Two commonly-encounered groups of gases belong to the asphyxiants and irritants. Simple asphyxiants are physiolocigal inert. When They are present in high concentration, they displace the oxygen in the atmosphere. Victims exposed to them will suffer from lack of oxygen. Carbon dioxide and methane are classic examples of simple asphyxiant.

Chemical asphyxiants, on the other hand, interfere with the body's ability to utilise oxygen, They either prevent oxygen delivery (such as carbon monoxide and hydrogen sulphide) or inhibit the utilisation of oxygen by the cells. Both types of asphyxiants however produce, if any, minimal direct injury to the respiratory system though they can cause marked neurologic and metabolic alterations.

Irritants have the ability to cause injury and induce inflammation of the mucous membranes upon contact. Individuals exposed to these gases may develop signs and symptoms either predominantly associated with upper or lower respiratory tract involvement. This depends very much on the solubility of the gas. Highly water-soluble gases like ammonia affect mainly the upper respiratory tract, while low water-soluble gases like phosgene affect the lower respiratory tract.

Generally, irritation of the upper respiratory tract may cause rhinitis, pharyngitis, cough and laryngeal edema while irritation of the lower respiratory tract may cause pneumonitis, pulmonary edema, and shock.

Signs of lower respiratory tract involvement may not necessarily be preceded by involvement of the upper respiratory tract. However, injury to the upper respiratory tract may be extended to involve the lower respiratory tract if exposure is prolonged. This seems to be the standard for gases with intermediate water solubility.

Irritants can be classified into two groups. They are the primary irritants that produce little systemic toxicity and secondary irritants that produce both respiratory and toxic systemic toxicity. Toxic substances that are classified under secondary irritants include hydrogen sulfide, ozone acetylene, methylated halogens, and metal fumes.

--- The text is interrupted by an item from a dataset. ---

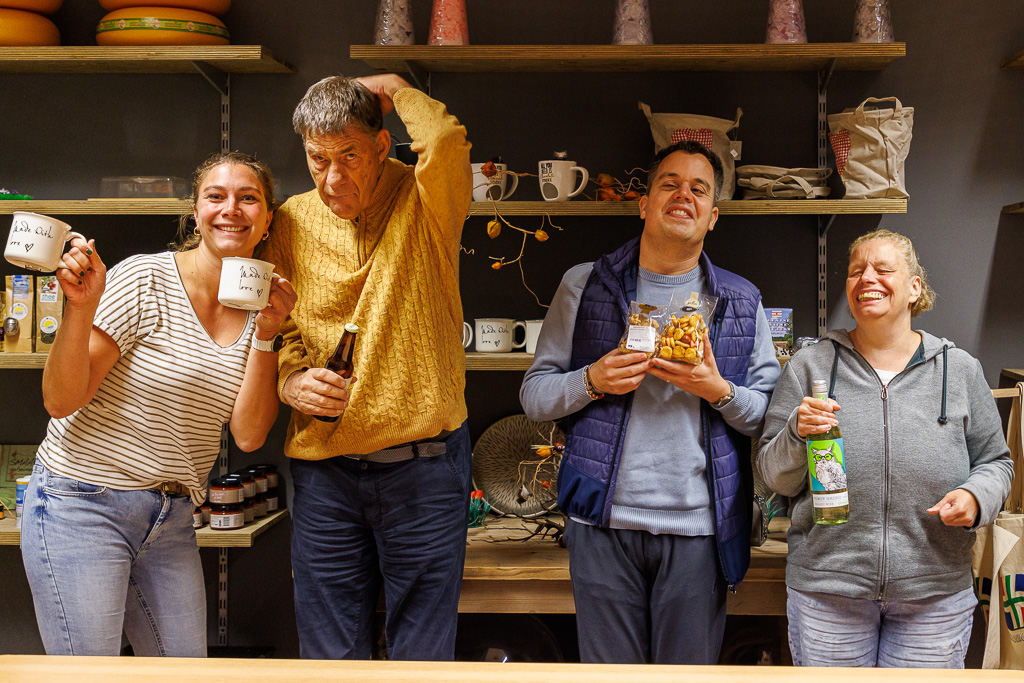 Naoberschapsdag bij Visio de Brink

Individuals exposed to these substances may, however, experience varied effects. The nature, extent and severity of the effects observed may depend among other things on the types of gas involved, solubility, concentration as well as the extent and duration of exposure. Poorly-ventilated exposure sites will very likely cause more significant effects and so with individuals who have pre-existing lung diseases.